El público ovacionó el esfuerzo del director Mario Videla  y sus equipos, en una versión de la «Pasión según San Mateo» cuyos mejores solistas fueron los cantantes Soledad de la Rosa y Víctor Torres y los músicos Claudio Barile y Juan Manuel Quintana.
El público ovacionó el esfuerzo del director Mario Videla y sus equipos, en una versión de la «Pasión según San Mateo» cuyos mejores solistas fueron los cantantes Soledad de la Rosa y Víctor Torres y los músicos Claudio Barile y Juan Manuel Quintana.
Festivales Musicales de Buenos Aires, 10° concierto de abono. Camerata Bariloche, Orfeón de Bs. As. y Coro de Niños (Dir.: N. Andrenacci y P. Piccinni). Dir. Gral: M.: Videla. «Pasión según San Mateo» BWV 244 de J. S. Bach. (Teatro Colón, 12/11).



Con uno de los monumentos de la música sacra (y de la música en general), la «Pasión según San Mateo» de Bach, cerró su temporada 2010 la asociación Festivales Musicales de Buenos Aires. El organista, clavecinista y pedagogo Mario Videla asumió la dirección de fuerzas numerosas, como el Orfeón de Buenos Aires (con más de 100 integrantes), Coro de Niños, Camerata Bariloche y siete solistas.

Desde su origen medieval, la costumbre de musicalizar el relato de la pasión y muerte de Cristo tuvo (al igual que otros episodios bíblicos) una misión pictórica, describiendo los hechos como en los retablos o los vitrales de las iglesias, y Bach (llamado «el quinto Evangelista» pero que bien podría ser denominado «el primero») llevó esta función visual y dramática a un punto jamás superado.

En este sentido, la columna vertebral de esta obra la constituye el Evangelista, y fue un gran acierto el haber asignado esta parte al tenor Christophe Einhorn, quien supo pintar ante el oyente cada instancia del relato. El bajo cordobés Sergio Carlevaris, en tanto, fue un Jesús de volumen y tesitura adecuadas que pudo haber tenido mayor intensidad.

En el cuadro de solistas es justicia ubicar en primera fila a Soledad De La Rosa y Víctor Torres: ambos hicieron de cada una de sus intervenciones un momento sublime, en especial las arias «Aus Liebe will mein Heiland sterben» y «Komm, süsses Kreuz», acompañados respectivamente por los no menos sublimes Claudio Barile (flauta) y Juan Manuel Quintana (viola da gamba). El contratenor Martín Oro abordó su parte con la solvencia y musicalidad habituales, con especial brillo en «Können TrTMnen meiner Wangen». Muy bien como Pedro, Judas y en sus arias se desempeñó el barítono Alejandro Meerapfel.

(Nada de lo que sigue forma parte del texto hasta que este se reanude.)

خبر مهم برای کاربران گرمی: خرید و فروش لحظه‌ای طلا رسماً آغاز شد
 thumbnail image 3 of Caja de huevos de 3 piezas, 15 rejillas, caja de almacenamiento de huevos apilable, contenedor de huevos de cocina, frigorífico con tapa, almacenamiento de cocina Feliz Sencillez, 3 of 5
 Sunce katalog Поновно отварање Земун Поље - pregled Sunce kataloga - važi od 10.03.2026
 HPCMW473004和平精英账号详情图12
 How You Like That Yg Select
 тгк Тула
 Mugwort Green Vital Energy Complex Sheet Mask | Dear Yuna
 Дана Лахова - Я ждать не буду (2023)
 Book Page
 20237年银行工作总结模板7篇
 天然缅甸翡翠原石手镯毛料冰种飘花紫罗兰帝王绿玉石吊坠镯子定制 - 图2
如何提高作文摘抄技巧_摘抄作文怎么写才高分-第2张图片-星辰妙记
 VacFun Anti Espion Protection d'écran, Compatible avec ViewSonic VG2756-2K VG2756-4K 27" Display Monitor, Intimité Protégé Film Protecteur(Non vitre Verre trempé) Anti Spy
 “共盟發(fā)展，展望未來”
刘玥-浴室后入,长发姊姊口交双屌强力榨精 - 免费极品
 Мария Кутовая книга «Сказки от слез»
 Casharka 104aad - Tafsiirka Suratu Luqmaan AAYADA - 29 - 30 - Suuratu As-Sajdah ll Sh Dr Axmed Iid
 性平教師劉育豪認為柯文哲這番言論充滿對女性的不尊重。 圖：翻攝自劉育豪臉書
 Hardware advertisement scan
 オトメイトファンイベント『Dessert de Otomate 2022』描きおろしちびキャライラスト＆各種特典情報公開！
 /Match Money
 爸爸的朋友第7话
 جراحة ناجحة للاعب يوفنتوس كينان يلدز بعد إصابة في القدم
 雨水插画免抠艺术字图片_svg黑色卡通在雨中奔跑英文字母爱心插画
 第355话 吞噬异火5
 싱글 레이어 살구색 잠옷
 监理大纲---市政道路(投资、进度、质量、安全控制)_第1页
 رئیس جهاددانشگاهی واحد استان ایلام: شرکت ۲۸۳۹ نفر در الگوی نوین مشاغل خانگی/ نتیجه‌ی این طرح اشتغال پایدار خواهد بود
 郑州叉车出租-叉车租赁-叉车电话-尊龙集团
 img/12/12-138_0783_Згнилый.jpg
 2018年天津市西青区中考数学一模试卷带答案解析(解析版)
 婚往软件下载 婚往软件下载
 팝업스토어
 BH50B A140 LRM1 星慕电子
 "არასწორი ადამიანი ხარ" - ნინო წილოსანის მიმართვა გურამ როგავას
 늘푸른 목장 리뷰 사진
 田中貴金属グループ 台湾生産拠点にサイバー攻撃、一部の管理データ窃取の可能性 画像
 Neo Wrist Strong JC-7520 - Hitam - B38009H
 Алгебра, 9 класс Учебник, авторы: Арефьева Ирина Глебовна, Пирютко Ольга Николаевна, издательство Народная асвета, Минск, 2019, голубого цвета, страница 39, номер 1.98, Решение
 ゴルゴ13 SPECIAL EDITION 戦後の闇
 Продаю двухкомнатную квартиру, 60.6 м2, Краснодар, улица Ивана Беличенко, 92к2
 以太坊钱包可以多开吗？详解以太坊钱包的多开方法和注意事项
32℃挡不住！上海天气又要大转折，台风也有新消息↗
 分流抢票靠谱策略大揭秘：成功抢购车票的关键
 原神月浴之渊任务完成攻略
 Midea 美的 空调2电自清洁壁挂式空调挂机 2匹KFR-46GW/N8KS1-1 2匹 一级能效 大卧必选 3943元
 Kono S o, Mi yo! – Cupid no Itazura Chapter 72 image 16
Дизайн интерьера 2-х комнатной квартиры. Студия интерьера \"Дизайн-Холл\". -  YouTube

Con menos dominio del estilo y seguridad en este repertorio, Virginia Correa Dupuy no alcanzó a hacer del «Erbarme dich» (en el que destacó el impecable violín de Pablo Saraví) la cumbre dramática que debe constituir.

Pareció un esfuerzo vano el haber traído a Sebastian Brower (Utrecht) para asumir las arias de tenor con un nivel muy inferior al de algunos cantantes locales.

Esfuerzo valorado

Otro de los ejes de la pasión bachiana es el coro, en grandes números de apertura y cierre de ambas partes, intervenciones en arias, corales y el papel de la multitud (en los llamados «coros de turba») dentro del relato. Salvo por el sonido abierto de los tenores, el Orfeón tuvo un desempeño muy bueno, y cabe pensar que algunos desfasajes que se produjeron respondieron más a una concertación no siempre precisa. El profesionalismo de la Camerata fue en este aspecto también un pilar fundamental.

Más numeroso en las localidades altas que en la platea del Colón, el público ovacionó el esfuerzo de Videla y sus equipos: la ejecución casi completa (hubo cortes en el «da capo» de casi todas las arias y se suprimió parte de algunos recitativos) de una obra de esta exigencia con recursos humanos casi totalmente argentinos es siempre algo para festejar.